Now calculate the rotational kinetic energy: $K_{\mathrm{rot}} = \frac{1}{2}I\omega^2 = \frac{1}{2} \times 0.0225 \text{ kg·m}^2 \times (31.4 \text{ rad/s})^2 = 11.1 \text{ J}$

The rotational kinetic energy of the disk is 11.1 joules.

Practice Problem 2: Total Kinetic Energy

Solution

Because the sphere rolls without slipping, calculate both the translational and rotational kinetic energy.

Given information:

• Mass: $m = 0.5$ kg
• Radius: $r = 0.1$ m
• Translational speed: $v = 2.0$ m/s

For a solid sphere, the rotational inertia is: $I = \frac{2}{5}mr^2 = \frac{2}{5} \times 0.5 \text{ kg} \times (0.1 \text{ m})^2 = 0.002 \text{ kg·m}^2$

For rolling without slipping, $v = r\omega$, so: $\omega = \frac{v}{r} = \frac{2.0 \text{ m/s}}{0.1 \text{ m}} = 20 \text{ rad/s}$

Now calculate each part:

1. Translational: $K_{\mathrm{trans}} = \frac{1}{2}mv^2 = \frac{1}{2} \times 0.5 \text{ kg} \times (2.0 \text{ m/s})^2 = 1.0 \text{ J}$
2. Rotational: $K_{\mathrm{rot}} = \frac{1}{2}I\omega^2 = \frac{1}{2} \times 0.002 \text{ kg·m}^2 \times (20 \text{ rad/s})^2 = 0.4 \text{ J}$

The total kinetic energy is: $K_{\mathrm{total}} = K_{\mathrm{trans}} + K_{\mathrm{rot}} = 1.0 \text{ J} + 0.4 \text{ J} = 1.4 \text{ J}$

The total kinetic energy of the rolling sphere is 1.4 joules.

Common Misconceptions

• "Rotational kinetic energy is a vector." It is a scalar.

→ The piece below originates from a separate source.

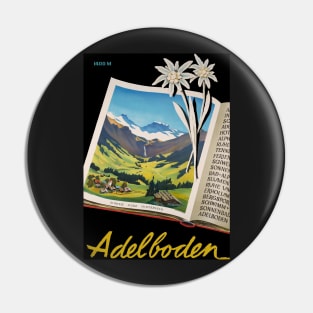 Adelboden, Switzerland, Vintage Travel Ski Poster Pin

Angular velocity, angular momentum, and torque are vectors, but energy is not.
• "If the center of mass isn't moving, there's no kinetic energy." A spinning object with a fixed center of mass still has rotational kinetic energy because its points are moving.
• "I can plug rpm straight into the formula." You must convert to rad/s first, or your answer will be far off.
• "Rotational inertia is just the mass." $I$ depends on how the mass is distributed relative to the axis, not only on how much mass there is. The same object can have different $I$ values about different axes.
• "A rolling object only has translational kinetic energy." Rolling objects store energy in both translation and rotation, so you must include $\frac{1}{2}I\omega^2$.
• "Rotational kinetic energy is something separate from regular kinetic energy." It is just the summed kinetic energy of all the moving pieces of a spinning object.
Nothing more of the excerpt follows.